**TASK DATA:**
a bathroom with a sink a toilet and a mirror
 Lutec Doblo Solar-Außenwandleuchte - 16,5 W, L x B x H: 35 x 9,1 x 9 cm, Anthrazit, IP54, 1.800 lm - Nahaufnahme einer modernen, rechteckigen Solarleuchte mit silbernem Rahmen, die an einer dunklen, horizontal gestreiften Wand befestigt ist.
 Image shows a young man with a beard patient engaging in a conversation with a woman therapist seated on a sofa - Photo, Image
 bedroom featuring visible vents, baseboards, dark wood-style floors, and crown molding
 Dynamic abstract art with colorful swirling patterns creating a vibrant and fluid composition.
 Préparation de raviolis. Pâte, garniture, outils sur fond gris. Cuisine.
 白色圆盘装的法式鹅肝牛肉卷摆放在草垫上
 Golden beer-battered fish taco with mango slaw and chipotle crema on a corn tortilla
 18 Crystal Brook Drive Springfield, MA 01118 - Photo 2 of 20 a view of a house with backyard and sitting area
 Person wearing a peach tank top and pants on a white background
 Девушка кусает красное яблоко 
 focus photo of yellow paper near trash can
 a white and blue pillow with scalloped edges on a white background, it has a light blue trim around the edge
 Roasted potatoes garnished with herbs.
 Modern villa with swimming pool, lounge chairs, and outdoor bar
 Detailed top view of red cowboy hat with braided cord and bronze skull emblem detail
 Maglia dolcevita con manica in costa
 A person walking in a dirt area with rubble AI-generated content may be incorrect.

**WHAT IS NEEDED:**
Go through the material above line by line and work out how many lines contain the word "view"; give only that number.

**RESPONSE TO THE TASK:**
2